--- START ---

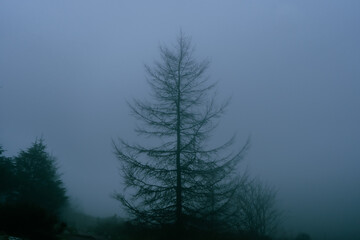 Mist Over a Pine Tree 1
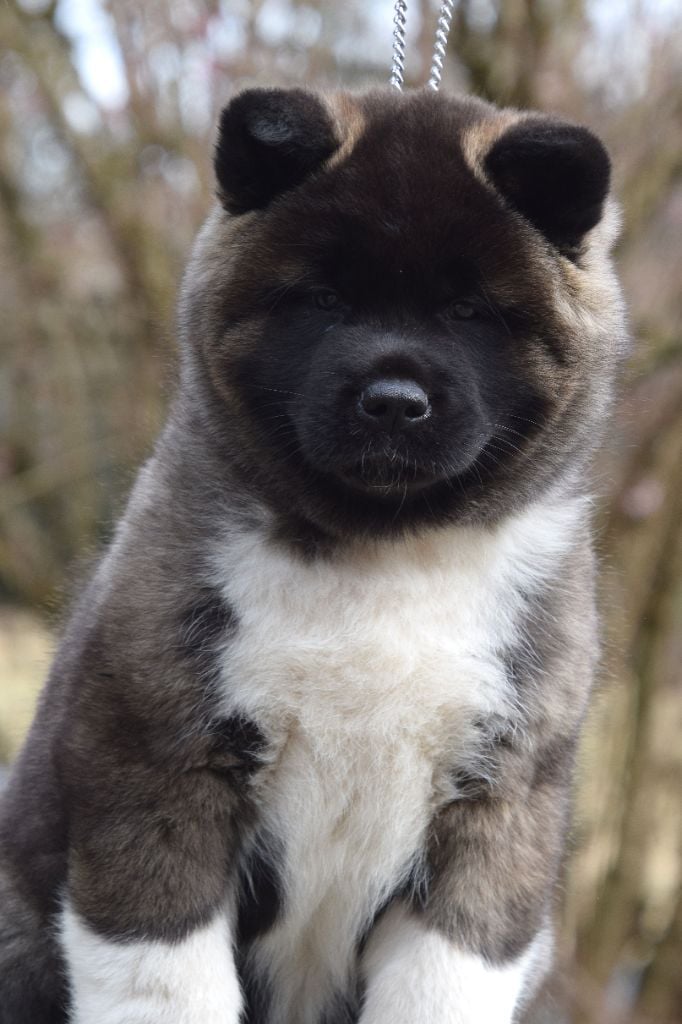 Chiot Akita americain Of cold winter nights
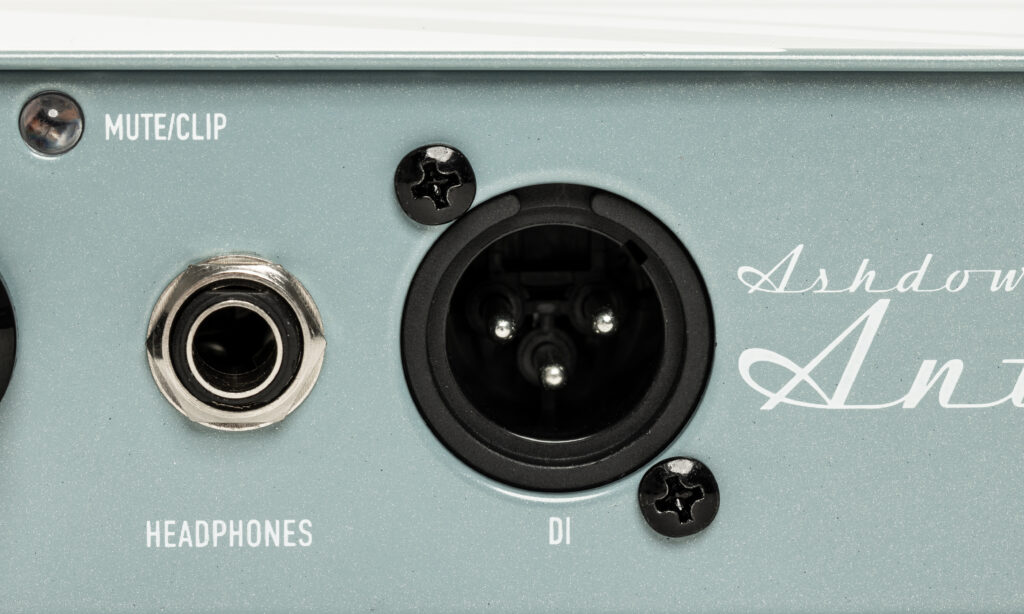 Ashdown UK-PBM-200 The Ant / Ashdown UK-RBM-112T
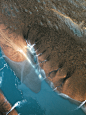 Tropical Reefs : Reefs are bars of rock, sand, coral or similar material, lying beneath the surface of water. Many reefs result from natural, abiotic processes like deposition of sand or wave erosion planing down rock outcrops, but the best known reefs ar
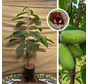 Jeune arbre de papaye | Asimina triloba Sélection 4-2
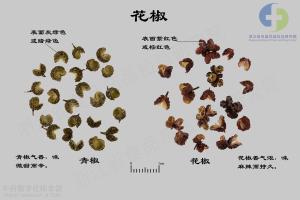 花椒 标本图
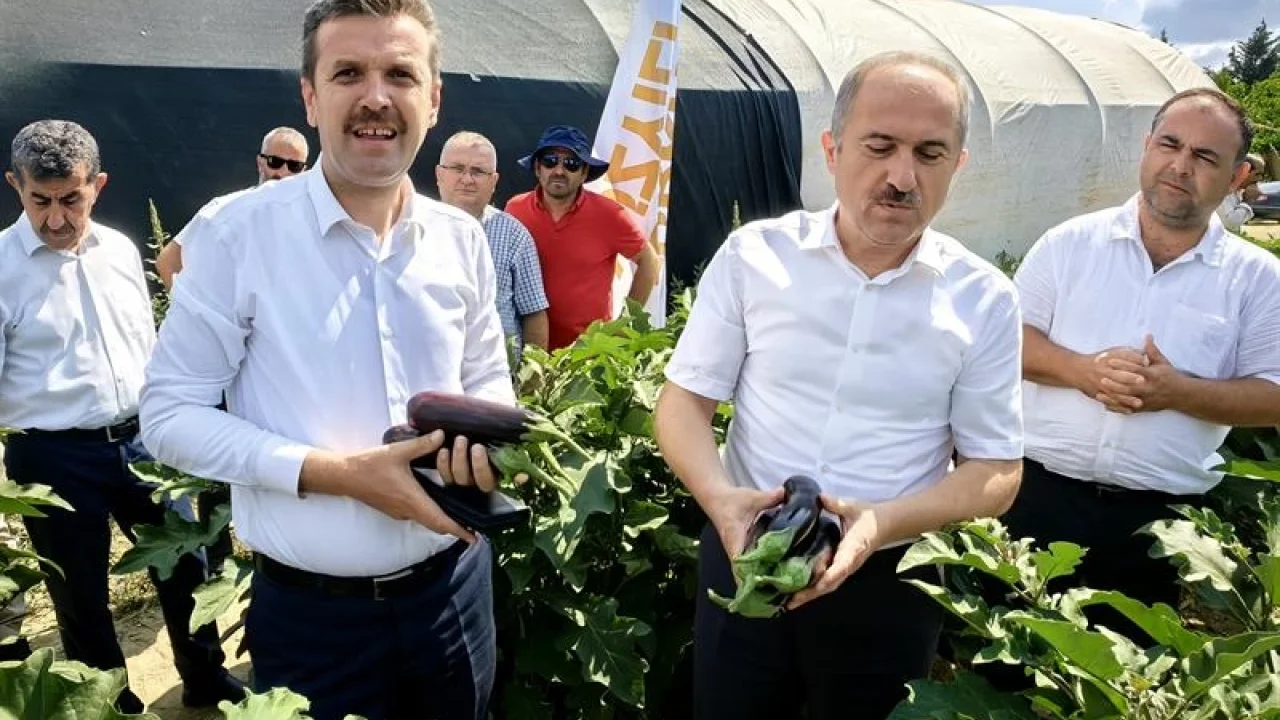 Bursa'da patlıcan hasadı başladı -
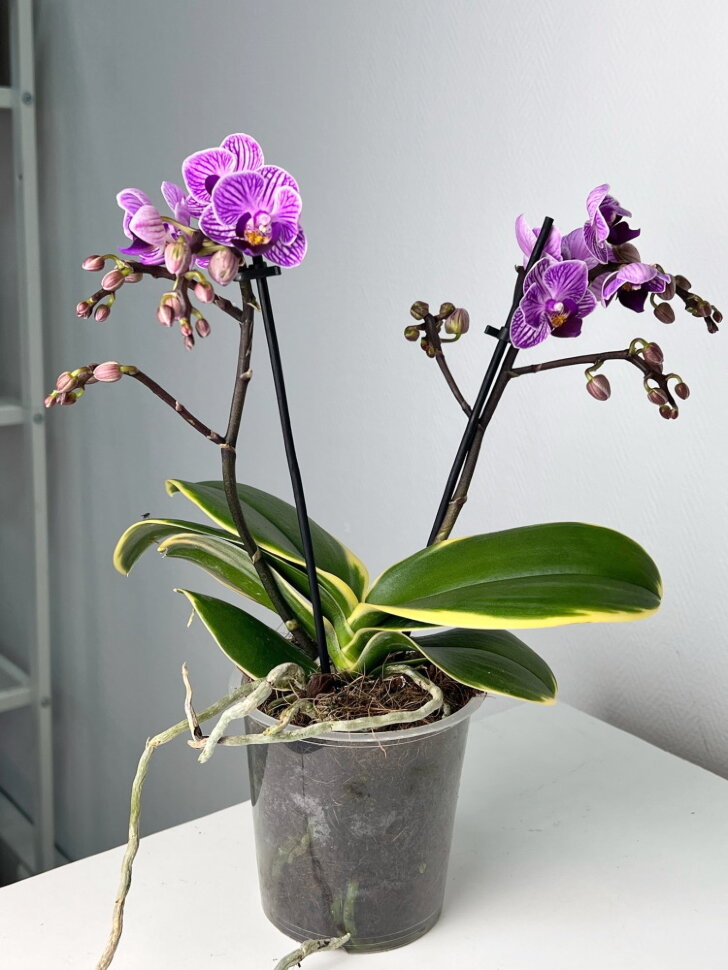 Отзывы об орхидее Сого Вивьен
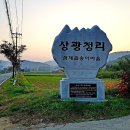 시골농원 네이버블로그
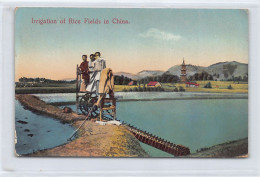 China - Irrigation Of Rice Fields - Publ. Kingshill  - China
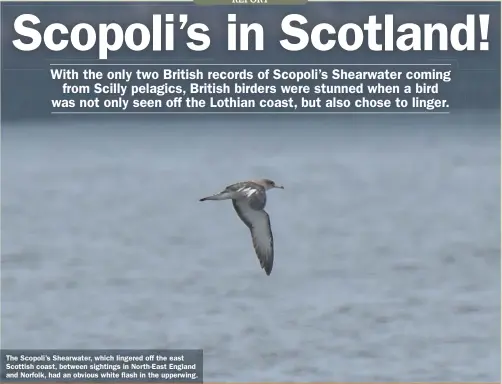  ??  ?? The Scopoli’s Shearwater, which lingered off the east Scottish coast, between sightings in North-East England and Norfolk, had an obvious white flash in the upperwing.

--- END ---

Work instructions:
Begin at the line containing "Tropical Reefs : Reefs" and restate exactly every line through the end of the material, skipping the pictures.

Reply:
 Tropical Reefs : Reefs are bars of rock, sand, coral or similar material, lying beneath the surface of water. Many reefs result from natural, abiotic processes like deposition of sand or wave erosion planing down rock outcrops, but the best known reefs ar
 Jeune arbre de papaye | Asimina triloba Sélection 4-2
 花椒 标本图
 Bursa'da patlıcan hasadı başladı -
 Отзывы об орхидее Сого Вивьен
 시골농원 네이버블로그
 China - Irrigation Of Rice Fields - Publ. Kingshill  - China
  ??  ?? The Scopoli’s Shearwater, which lingered off the east Scottish coast, between sightings in North-East England and Norfolk, had an obvious white flash in the upperwing.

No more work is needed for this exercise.